[RECORDED INFORMATION]:
++++++

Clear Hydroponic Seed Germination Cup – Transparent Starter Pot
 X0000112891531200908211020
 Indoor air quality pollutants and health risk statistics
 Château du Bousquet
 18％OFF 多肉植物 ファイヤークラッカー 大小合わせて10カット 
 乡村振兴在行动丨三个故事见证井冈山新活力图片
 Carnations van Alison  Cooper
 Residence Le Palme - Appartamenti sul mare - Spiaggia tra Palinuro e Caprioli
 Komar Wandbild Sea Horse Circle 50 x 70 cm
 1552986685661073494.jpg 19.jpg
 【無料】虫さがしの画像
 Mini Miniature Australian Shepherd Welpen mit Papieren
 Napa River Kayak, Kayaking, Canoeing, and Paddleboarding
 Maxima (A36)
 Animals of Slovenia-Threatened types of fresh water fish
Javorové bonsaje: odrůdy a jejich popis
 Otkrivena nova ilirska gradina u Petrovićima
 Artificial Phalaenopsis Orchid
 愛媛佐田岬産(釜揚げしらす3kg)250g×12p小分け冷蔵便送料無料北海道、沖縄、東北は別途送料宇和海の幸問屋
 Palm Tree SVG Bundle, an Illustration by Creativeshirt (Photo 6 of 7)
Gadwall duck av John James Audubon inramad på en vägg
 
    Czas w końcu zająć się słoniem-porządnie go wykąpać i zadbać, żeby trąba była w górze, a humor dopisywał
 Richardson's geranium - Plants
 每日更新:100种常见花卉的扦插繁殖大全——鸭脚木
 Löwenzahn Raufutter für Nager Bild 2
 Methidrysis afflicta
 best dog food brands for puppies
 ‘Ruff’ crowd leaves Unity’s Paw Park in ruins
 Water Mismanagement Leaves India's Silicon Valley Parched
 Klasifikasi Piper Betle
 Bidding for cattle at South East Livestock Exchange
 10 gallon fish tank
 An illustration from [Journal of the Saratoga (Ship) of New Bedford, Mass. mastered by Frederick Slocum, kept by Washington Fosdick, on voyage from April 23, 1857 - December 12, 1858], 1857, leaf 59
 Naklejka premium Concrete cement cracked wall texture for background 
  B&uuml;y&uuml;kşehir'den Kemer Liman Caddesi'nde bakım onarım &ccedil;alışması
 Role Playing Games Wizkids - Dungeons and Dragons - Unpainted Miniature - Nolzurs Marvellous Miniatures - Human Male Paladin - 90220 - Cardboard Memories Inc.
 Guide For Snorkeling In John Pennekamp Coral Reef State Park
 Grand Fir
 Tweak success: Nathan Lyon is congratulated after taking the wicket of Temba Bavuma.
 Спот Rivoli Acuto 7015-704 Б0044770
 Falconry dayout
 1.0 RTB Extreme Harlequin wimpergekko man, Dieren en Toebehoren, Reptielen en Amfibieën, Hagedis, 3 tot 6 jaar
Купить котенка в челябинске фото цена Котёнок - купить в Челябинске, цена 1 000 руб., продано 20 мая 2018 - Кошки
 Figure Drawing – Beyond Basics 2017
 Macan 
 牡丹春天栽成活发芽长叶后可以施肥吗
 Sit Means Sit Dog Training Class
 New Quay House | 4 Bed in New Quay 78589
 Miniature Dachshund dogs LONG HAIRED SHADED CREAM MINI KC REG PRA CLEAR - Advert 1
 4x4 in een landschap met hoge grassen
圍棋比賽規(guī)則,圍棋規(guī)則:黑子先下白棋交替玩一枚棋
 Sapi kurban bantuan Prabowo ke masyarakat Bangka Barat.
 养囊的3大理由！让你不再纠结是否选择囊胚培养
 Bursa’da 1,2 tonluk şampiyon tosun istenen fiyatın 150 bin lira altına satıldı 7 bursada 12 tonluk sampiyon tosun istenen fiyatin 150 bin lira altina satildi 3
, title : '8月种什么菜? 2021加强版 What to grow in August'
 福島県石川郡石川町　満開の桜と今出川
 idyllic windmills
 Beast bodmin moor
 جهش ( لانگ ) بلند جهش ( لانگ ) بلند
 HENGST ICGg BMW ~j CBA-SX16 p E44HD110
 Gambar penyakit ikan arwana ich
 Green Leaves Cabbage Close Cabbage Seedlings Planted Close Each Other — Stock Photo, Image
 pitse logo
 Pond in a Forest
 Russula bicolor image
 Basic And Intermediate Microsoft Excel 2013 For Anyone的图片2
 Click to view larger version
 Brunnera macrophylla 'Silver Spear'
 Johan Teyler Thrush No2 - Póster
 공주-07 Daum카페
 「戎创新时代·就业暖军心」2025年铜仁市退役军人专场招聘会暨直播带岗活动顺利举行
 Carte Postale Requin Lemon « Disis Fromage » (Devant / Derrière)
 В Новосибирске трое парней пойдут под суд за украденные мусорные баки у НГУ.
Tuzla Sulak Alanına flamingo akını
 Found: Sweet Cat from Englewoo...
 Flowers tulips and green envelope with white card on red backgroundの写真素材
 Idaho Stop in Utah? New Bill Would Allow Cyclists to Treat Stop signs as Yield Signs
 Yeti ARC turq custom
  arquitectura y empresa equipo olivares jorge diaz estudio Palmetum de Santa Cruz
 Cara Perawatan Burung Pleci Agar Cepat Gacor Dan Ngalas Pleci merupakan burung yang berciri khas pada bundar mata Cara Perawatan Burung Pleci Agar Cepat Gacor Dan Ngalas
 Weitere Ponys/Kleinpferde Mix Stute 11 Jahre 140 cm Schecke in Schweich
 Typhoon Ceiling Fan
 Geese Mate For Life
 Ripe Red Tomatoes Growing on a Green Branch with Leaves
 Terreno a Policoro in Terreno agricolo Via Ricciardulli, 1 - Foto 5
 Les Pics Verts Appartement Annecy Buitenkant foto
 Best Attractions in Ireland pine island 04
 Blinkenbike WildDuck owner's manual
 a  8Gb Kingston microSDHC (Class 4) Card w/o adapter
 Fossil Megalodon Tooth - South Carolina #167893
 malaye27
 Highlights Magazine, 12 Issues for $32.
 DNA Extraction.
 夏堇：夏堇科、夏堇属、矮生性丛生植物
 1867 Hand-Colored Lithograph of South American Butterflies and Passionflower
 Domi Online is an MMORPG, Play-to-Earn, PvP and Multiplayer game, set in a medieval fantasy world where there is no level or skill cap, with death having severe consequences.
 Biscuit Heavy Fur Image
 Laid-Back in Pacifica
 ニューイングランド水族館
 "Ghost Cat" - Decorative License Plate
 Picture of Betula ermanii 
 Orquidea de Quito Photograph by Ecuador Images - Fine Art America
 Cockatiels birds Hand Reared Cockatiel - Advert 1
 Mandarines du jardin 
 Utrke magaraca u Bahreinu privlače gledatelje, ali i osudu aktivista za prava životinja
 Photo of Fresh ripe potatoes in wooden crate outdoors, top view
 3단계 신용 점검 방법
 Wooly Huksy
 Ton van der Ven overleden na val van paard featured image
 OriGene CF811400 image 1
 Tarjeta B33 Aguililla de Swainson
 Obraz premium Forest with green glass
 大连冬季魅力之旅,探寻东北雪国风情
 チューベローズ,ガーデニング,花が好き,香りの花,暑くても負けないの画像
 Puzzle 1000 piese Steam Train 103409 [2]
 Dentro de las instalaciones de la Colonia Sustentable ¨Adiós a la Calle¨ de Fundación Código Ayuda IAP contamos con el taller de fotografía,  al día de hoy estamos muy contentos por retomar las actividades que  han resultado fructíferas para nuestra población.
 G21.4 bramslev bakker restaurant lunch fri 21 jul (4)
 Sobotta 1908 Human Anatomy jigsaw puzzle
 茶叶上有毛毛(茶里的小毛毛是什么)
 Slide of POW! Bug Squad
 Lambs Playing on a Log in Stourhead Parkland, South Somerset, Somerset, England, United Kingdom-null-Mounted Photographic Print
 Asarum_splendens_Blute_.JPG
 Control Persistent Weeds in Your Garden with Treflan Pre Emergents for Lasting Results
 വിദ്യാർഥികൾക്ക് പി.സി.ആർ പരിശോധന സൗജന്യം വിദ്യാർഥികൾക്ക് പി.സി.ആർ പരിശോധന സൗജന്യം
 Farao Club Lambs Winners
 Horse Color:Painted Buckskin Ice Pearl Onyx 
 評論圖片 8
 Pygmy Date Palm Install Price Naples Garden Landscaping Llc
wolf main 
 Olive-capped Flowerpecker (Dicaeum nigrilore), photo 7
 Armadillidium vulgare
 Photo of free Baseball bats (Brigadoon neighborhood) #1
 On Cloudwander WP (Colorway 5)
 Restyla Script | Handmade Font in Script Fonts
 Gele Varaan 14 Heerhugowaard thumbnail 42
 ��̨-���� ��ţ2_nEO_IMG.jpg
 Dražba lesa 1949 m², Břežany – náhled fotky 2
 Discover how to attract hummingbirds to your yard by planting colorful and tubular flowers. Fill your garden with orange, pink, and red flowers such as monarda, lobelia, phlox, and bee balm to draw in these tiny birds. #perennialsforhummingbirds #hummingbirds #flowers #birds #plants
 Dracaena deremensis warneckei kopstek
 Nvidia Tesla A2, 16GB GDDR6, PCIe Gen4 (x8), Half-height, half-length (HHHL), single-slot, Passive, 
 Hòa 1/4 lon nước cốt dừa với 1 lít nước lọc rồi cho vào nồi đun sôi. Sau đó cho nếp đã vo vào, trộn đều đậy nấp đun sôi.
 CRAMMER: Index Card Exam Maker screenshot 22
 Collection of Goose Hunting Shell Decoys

++++++

[PROBLEM TO SOLVE]:
Which lines in the data above hold the word "Class"? Return each of them.

[EXERCISE SOLUTION]:
 Sit Means Sit Dog Training Class
 a  8Gb Kingston microSDHC (Class 4) Card w/o adapter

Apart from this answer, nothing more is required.